What to produce:
From the records below, print only the part that opens with the line containing "Австралия 1931-1936 гг." and closes with the line containing "Peugeot 308 1.6 hdi"; omit the pictures.

Records for this exercise:
········

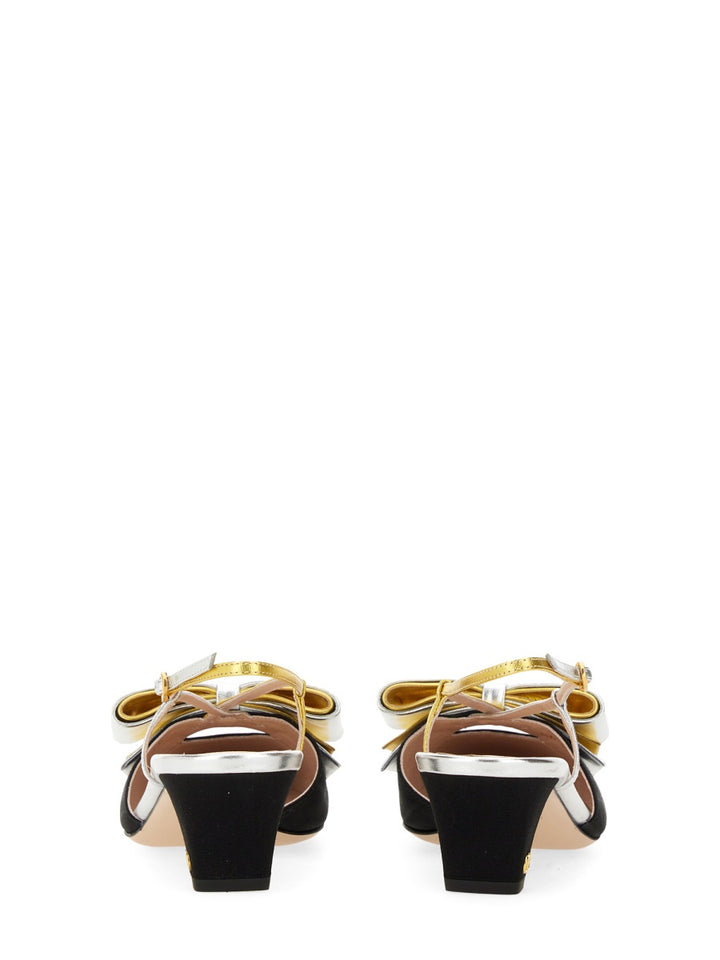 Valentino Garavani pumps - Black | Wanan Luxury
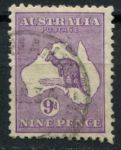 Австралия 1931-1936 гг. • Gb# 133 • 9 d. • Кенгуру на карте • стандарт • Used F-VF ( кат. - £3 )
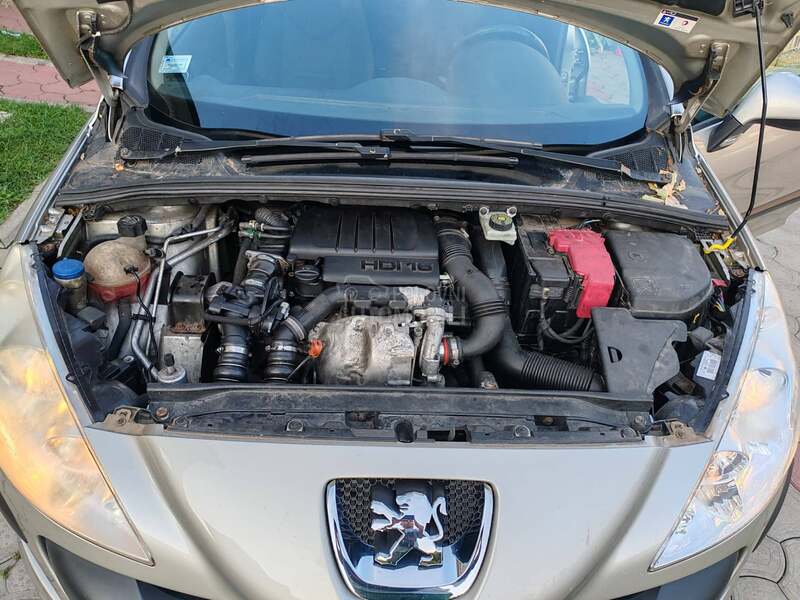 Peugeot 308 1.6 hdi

········

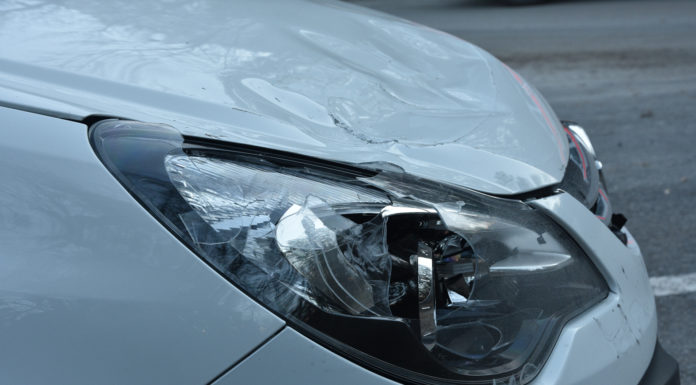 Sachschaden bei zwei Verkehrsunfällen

········

Task answer:
 Австралия 1931-1936 гг. • Gb# 133 • 9 d. • Кенгуру на карте • стандарт • Used F-VF ( кат. - £3 )
 Peugeot 308 1.6 hdi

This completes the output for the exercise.